When I became a mother, I reverted to how my parents raised me. I was fortunate to be loved and exposed to the arts and sciences. They took me to museums, the theater, and the symphony. I was enrolled in dance, art, music, and science and participated in outdoor activities and sports. They aimed to establish a life-long exercise practice and the desire to create. They instilled the trait of curiosity and helped me see failure as a stepping stone to success. I was encouraged to follow my dreams, freeing me to be myself.
So, I embraced my parent’s ways when raising my clan of five, interacting with staff, and mentoring children to help them become the best versions of themselves. I utilized research findings of developmental psychologist Jean Piaget, educator Maria Montessori, and psychologist Howard Gardner, varying the way I interacted according to their learning styles; i.e., some learned best with tactile activities, others with visual aids, and still others with auditory assists, etc.
The search for mentors continued until my sixties when a neuroscientist colleague advised me to change my focus, develop new hobbies, activities, and exercise routines, and reinvent myself in retirement. Following her advice put me in the mindset of a twenty-year-old out to conquer the world. I was ready to pass the baton by using my skills to make the next generation more robust, but I wasn’t sure how. Were youths the slightest bit interested in gaining from my experiences?
I wanted them to be less self-centered, develop a work ethic, and have real-time interactions rather than virtual ones. I hoped they’d travel, read broadly, laugh a lot, and get serious about saving democracy and promoting peace, starting with their communities. I’d tell them to try new foods, travel abroad, take risks, and face, not fear, life’s hurdles. Above all, I’d say, stay curious.
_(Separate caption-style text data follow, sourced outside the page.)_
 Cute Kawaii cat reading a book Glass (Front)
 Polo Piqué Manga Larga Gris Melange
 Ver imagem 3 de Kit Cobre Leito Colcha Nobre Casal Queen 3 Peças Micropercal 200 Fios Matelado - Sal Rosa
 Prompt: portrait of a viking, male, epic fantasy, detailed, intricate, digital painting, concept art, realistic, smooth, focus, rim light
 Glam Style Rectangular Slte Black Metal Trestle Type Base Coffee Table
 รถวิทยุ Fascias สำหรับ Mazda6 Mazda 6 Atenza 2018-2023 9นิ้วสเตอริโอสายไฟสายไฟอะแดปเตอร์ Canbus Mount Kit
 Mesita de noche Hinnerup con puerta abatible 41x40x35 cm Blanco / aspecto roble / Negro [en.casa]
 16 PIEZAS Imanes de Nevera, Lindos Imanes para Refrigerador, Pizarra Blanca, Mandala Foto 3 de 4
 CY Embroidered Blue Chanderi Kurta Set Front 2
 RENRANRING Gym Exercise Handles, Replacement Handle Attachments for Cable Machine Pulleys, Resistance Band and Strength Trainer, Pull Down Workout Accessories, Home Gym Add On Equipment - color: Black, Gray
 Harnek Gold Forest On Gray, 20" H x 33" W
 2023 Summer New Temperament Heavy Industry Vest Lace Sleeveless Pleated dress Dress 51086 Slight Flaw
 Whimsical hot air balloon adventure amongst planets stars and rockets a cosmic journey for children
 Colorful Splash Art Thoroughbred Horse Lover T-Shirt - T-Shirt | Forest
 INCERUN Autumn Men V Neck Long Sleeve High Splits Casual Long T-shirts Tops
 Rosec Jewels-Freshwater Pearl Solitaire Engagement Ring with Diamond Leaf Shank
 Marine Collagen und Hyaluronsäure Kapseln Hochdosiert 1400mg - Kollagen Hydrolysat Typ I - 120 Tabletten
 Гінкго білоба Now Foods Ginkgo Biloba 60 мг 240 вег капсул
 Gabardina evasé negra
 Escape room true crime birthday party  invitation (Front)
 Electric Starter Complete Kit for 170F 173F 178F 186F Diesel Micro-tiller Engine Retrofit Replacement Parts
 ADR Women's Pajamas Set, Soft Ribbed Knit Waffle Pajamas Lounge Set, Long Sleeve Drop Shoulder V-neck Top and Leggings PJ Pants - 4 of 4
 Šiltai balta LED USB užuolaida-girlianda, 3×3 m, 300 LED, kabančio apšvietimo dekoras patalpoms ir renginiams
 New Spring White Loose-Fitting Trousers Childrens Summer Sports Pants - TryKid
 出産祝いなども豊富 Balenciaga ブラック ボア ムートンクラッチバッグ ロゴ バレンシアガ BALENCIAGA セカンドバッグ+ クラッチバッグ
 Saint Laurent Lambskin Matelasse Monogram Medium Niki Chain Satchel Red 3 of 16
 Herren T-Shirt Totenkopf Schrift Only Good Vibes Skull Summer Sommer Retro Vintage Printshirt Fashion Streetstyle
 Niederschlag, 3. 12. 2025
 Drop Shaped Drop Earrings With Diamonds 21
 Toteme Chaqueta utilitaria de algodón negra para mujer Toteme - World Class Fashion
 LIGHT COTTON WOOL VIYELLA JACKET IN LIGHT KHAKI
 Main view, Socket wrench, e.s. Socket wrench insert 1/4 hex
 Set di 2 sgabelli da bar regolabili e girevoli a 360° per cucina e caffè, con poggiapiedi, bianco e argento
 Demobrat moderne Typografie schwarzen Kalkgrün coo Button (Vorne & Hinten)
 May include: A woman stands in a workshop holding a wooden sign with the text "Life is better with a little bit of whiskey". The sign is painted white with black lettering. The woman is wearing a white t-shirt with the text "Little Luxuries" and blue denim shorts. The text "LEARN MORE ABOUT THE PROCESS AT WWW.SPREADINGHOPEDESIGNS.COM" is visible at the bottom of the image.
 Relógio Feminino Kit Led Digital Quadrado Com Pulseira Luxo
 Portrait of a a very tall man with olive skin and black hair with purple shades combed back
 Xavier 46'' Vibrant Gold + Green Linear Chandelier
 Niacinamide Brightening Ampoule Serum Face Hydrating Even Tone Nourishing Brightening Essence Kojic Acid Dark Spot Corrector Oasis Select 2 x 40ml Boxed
Hoping their lives would be easier by following my directives was a futile pursuit. They are addicted to cell phones, posting photos on Instagram, and one-word texts embellished with emojis. They spend an inordinate time alone at home, don’t engage in deep conversations, and don’t investigate what they read on social media.
So, what is the best way to incite them to action and pass the baton? Any ideas? Please respond at www.eichingerfineart.com/blog. Share how mentors influenced you and what you do to raise your children or mentor a younger generation.
Suggestions from Senior Living:
- Storytelling Sessions are a timeless tradition of sharing life experiences.
- Join Mentorship Initiatives that share your area of expertise.
- Intergenerational Activities. Like art classes, gardening projects, sporting events, and more.
- Digital Literacy Workshops to make it easier to communicate with youth.
- Family Recipe Sharing and cooking together.
- Cultural Celebrations to impart a rich heritage.
- Hosting Educational Workshops on topics of shared interest.
- Volunteer Opportunities at the Food Bank, Animal Shelter, Zoo, and more.
You might do what I do: one-on-one interactions that include meals, attending local events, and traveling. Send out regular communications and share your lessons; they may read a few. Help them attain their dreams by using your contacts, resources, and advice. Get to know youth outside your family when your children leave home. It’s essential to stay abreast of change.
Reference:
Wasahachie, M. ( 2024) 12 Ways to Pass Down Knowledge to the Younger Generation. Senior Living. Retrieved from https://www.moradaseniorliving.com/senior-living-blog/12-ways-to-pass-down-knowledge-to-the-younger-generation/
Art is always for sale. The Three Sirens are an acrylic painting on 36″ by 12″ canvas. Available from my website for $495, including shipping. Questions? Contact me at marilynne@eichingerfineart.com
__________________________________________________________Over The Peanut Fence is a memoir of caring for a homeless and runaway twenty-year-old youth with personal stories of the people and agencies that helped him. It received rave reviews that I can’t describe better than the one below.
The book is available on Amazon, Barnes and Noble, and Kobo.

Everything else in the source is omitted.